Records from a data collection

+--

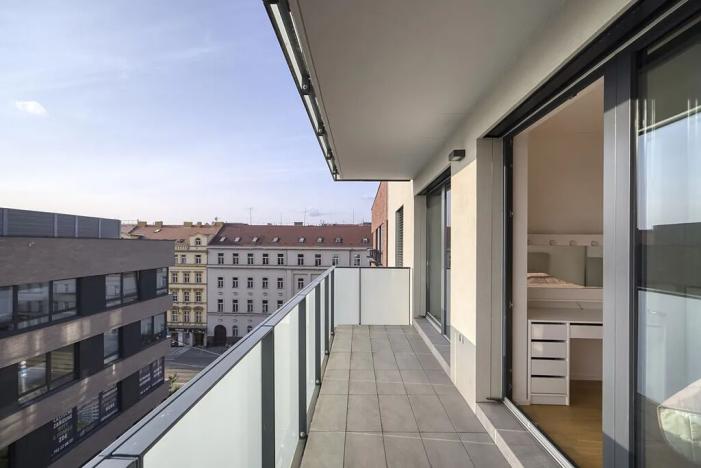 Prodej bytu 2+kk, Praha - Žižkov, U Viktorie, 67 m2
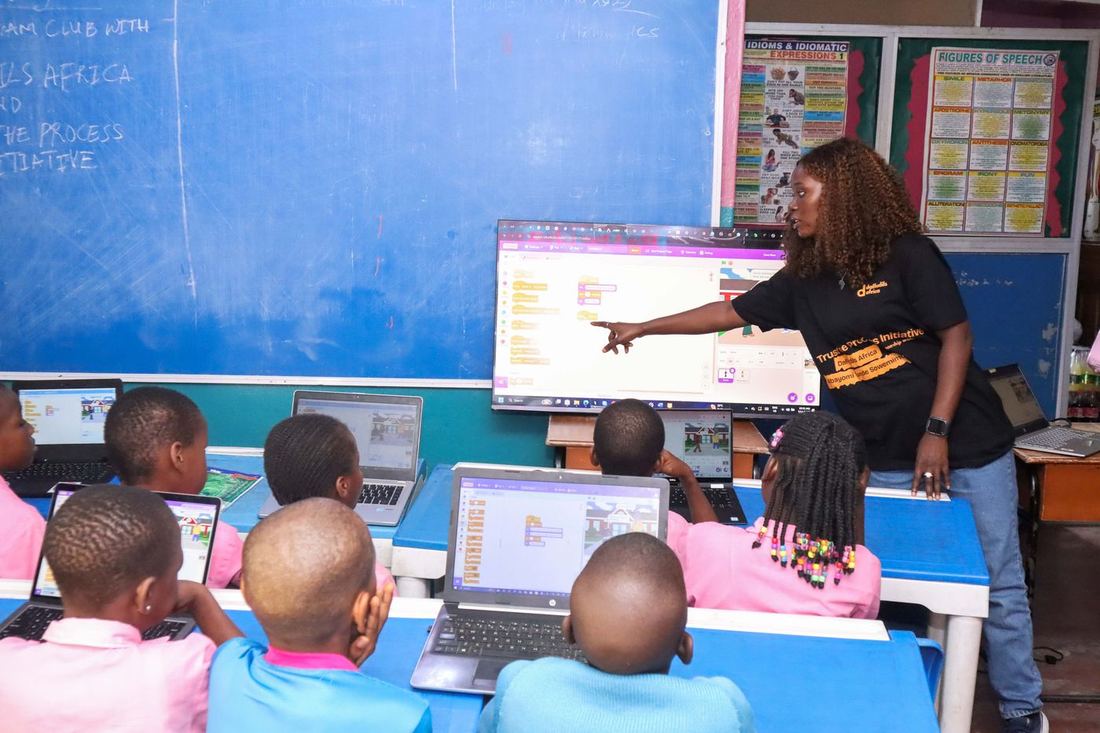 Digital Literacy Training for Kids photo 27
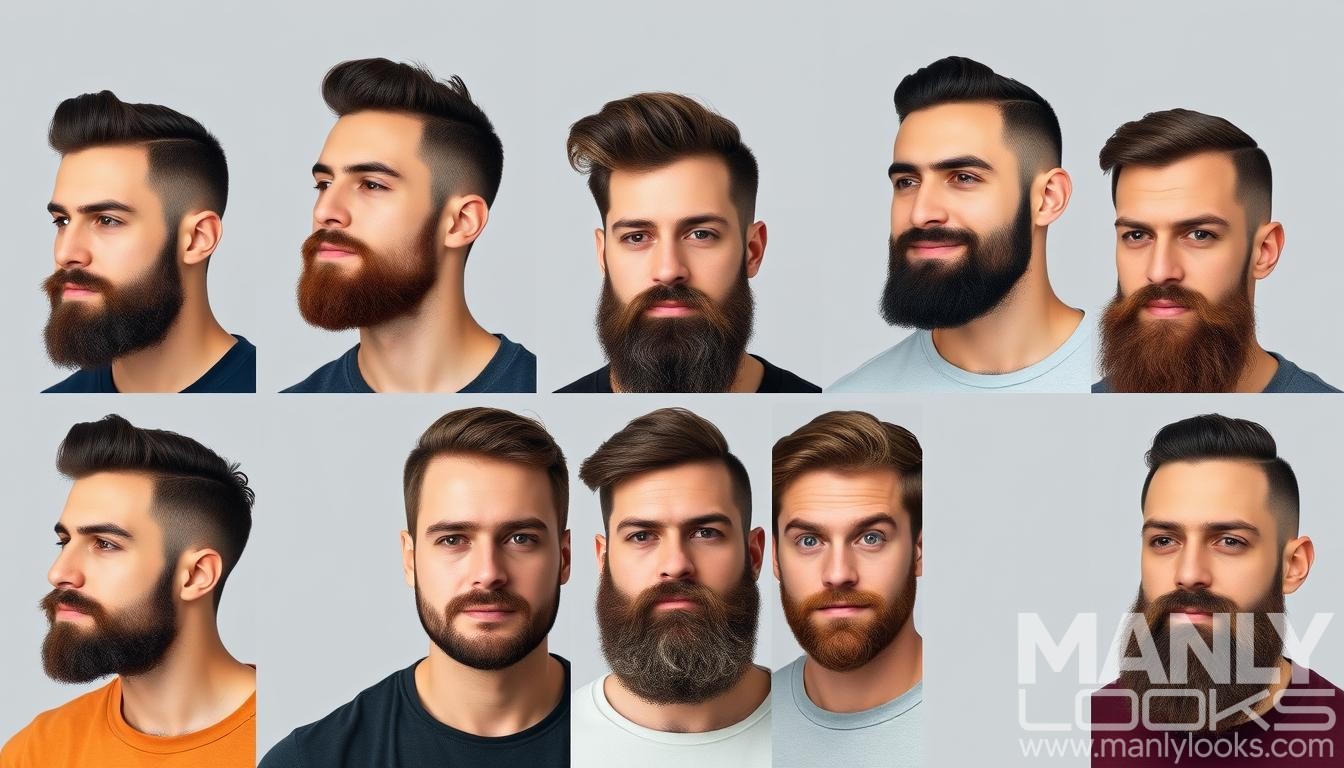 Beard, beard styles, trending beard styles, celebrity beard styles,
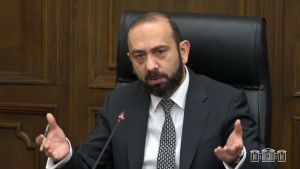 Առնվազն մինչև Գյումրի չհասնելու պարագայում «Թրամփի ուղին»՝ TRIPP-ը,  ուղղակի իմաստը կորցնում է. Միրզոյան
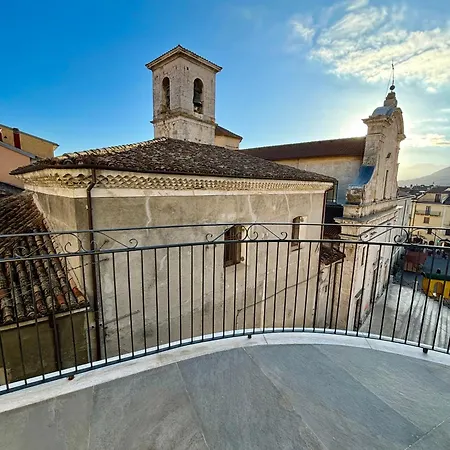 Mavi Rooms Castel Di Sangro Exterior foto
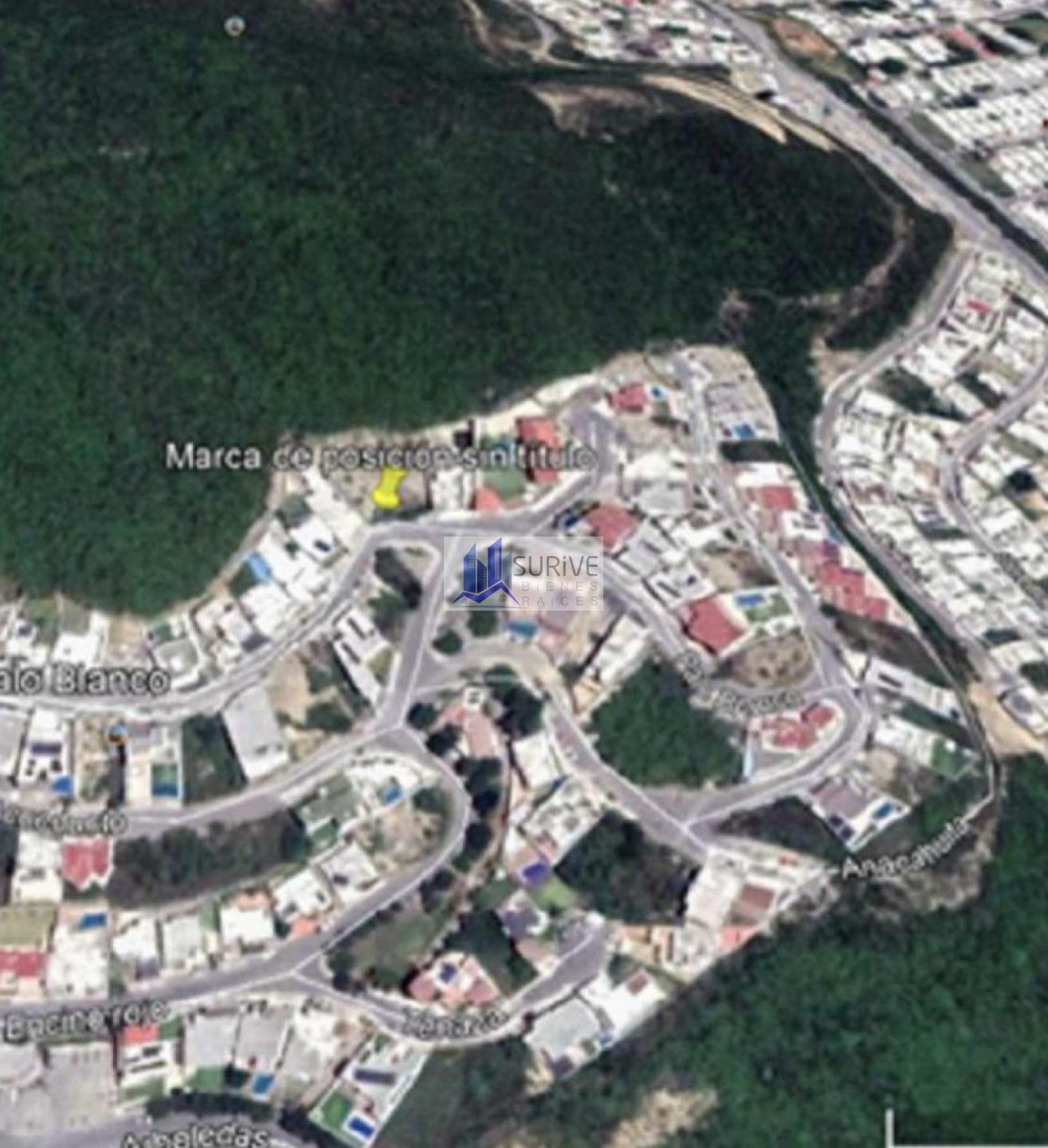 Terreno en venta Valle de Bosquencinos
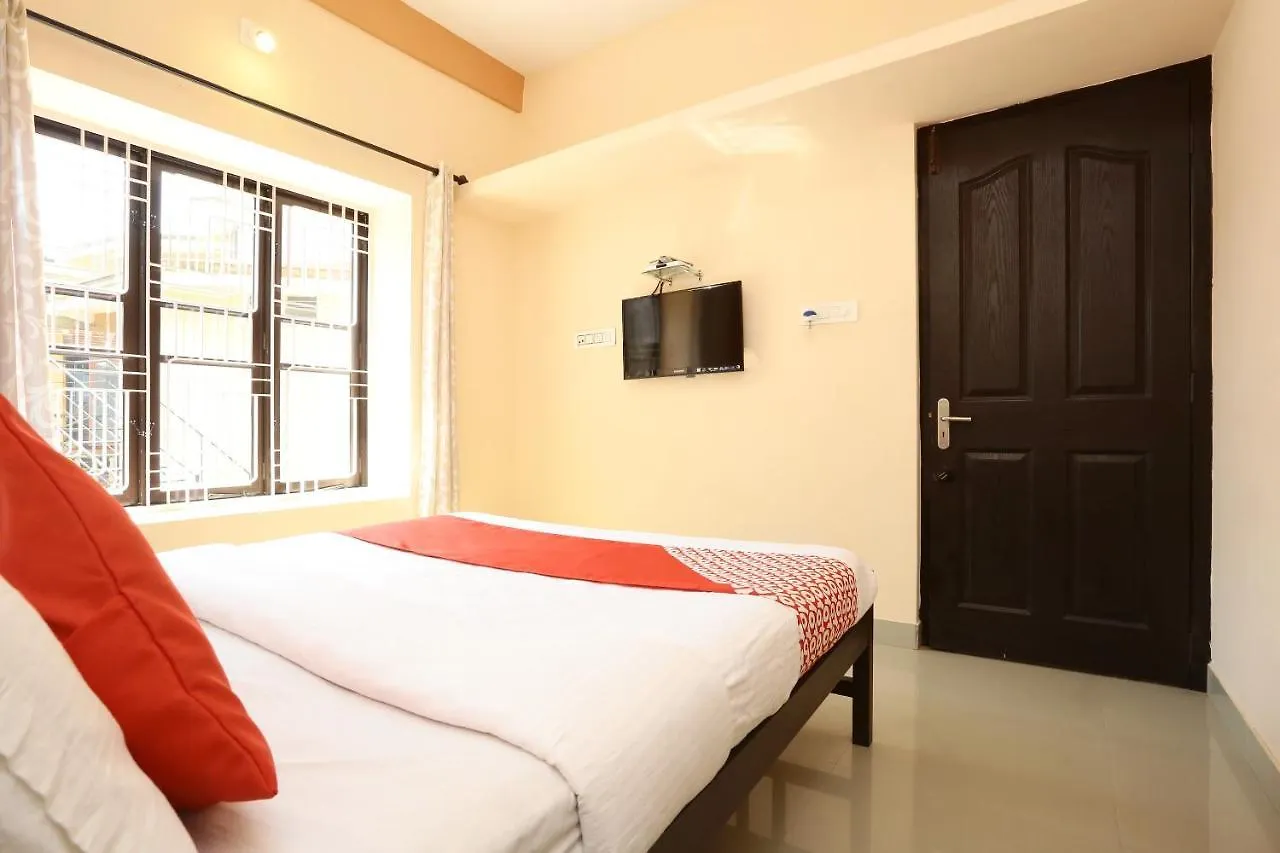 Oyo 9619 Harmony Inn Meenangadi 3*,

+--

**Task description:** Repeat exactly the lines from the one containing "Digital Literacy Training for Kids photo 27" to the last line of the data above, both included, and write no pictures into the copy.

**Response to the exercise:**
 Digital Literacy Training for Kids photo 27
 Beard, beard styles, trending beard styles, celebrity beard styles,
 Առնվազն մինչև Գյումրի չհասնելու պարագայում «Թրամփի ուղին»՝ TRIPP-ը,  ուղղակի իմաստը կորցնում է. Միրզոյան
 Mavi Rooms Castel Di Sangro Exterior foto
 Terreno en venta Valle de Bosquencinos
 Oyo 9619 Harmony Inn Meenangadi 3*,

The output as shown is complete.